THREATENED crisis ZONE IN EUROPE 2010
Frankfurt, SUNDAY
Economic conditions in the euro zone in 2010 was threatened debt crisis. The signs of this danger was sounded and the government plans to control the debt swollen.
Government loans are a major user countries with 16 currencies that the euro against the crisis last year. The level of debt was almost past the restrictions applied by the European Union according to the stability and growth pact.
Based on reports from the European Union published in the week (3 / 1), increased budget deficits and low growth that supports the increasing public debt. The average public debt could reach 48 percent of gross domestic product (GDP) in 2010. That number means an increase of 18 percent in 2007, while the public debt limit under the treaty amounted to 60 percent.
Ranking fell
Public debt ratings also caused a decrease in Greece by three international rating agencies. Because debt downgrade also occurs on the French and Spanish.
Germany is known as the state of discipline in maintaining fiscal stability will increase public debt to 78 percent of GDP this year. While France, the country with the second largest economy in the eurozone, public debt reached a record of 75.8 percent of GDP in the third quarter of 2008. Greece says that public debt will reach 120 percent of GDP in 2010.
This increase in debt is a consequence of the borrowing countries when facing crises. With the level and still weak economic growth in 2010, officials can not rely on tax increases to help pay for these debts.

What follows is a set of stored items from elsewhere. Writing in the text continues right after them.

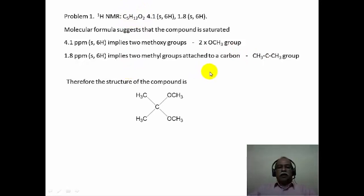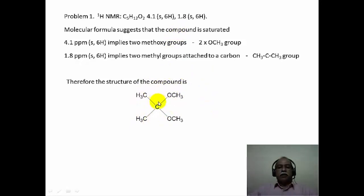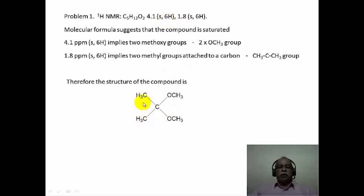The structure of this simple organic molecule is that it is a dimethyl acetal of acetone. Once you have the structure ready, you can confirm that there is no unsaturation in this particular molecule, and the 2 methoxy groups correspond to the 4.1 delta ppm singlet of 6 hydrogen, and the gem dimethyl groups correspond to the 1.8 ppm singlet of 6 hydrogen intensity.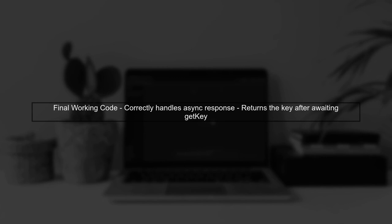Now, when you send a message, the listener will wait for the key to be retrieved before sending the response, resolving the issue of receiving undefined.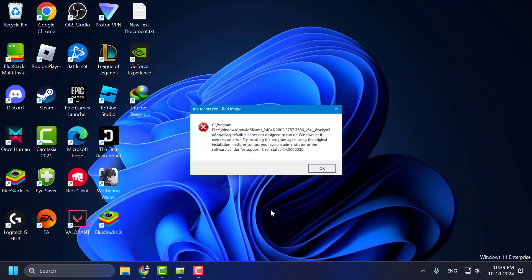Hello guys, welcome to my channel. Today we're going to see how to fix msteams.exe bad image Teams error in Windows 11. Let's fix it.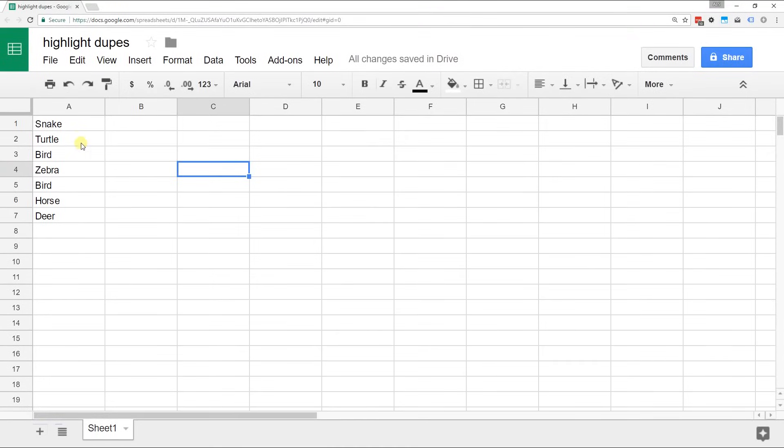If you're using Google Sheets and you have a column of values and you want to highlight just the duplicate values, there's a pretty easy way to do that.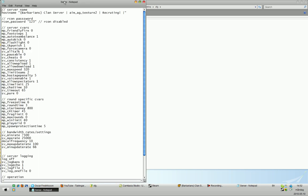server.cfg. And here, it should say sv_pure zero.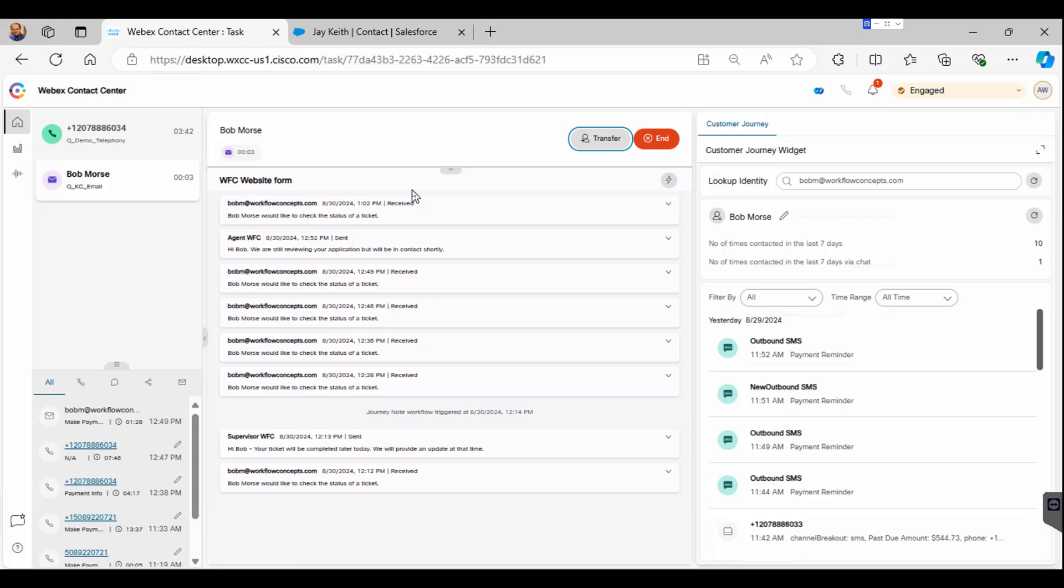The user can then toggle back and forth between the contacts on the left-hand side of the desktop.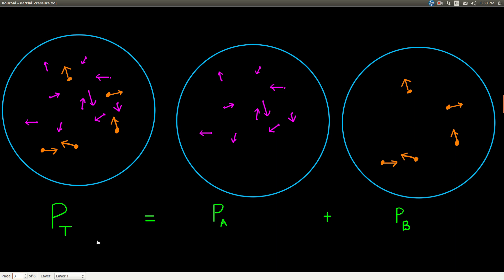So the pressure inside a container that contains a gas is due to all the little particles hitting the inside of that container. If we have a mixture of two gases — the magenta gas and the orange gas — they're moving around doing what gases do. Remember kinetic molecular theory: moving in straight lines until they hit something, bouncing off, all that good stuff.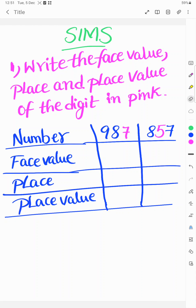Welcome to SIMS. Today's topic is: write the face value, place, and place value of the digit in pink. The example number is nine hundred eighty seven (987).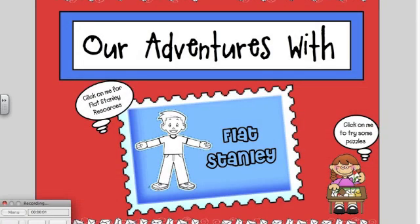Use Flat Stanley to help your class study geography. After reading the book Flat Stanley to your class, have your students make their own Flat Stanley to send to a friend or relative that lives in another state or country.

"The economic crisis that sustainability burden public finances and potential growth", said European Union Commission has been warned by economists that there remains the possibility of recession this year. Public finances will be more severe due to an aging population that requires higher health costs in the future.
However, fiscal tightening as promised by some governments may hamper economic growth if the officials had acted too quickly.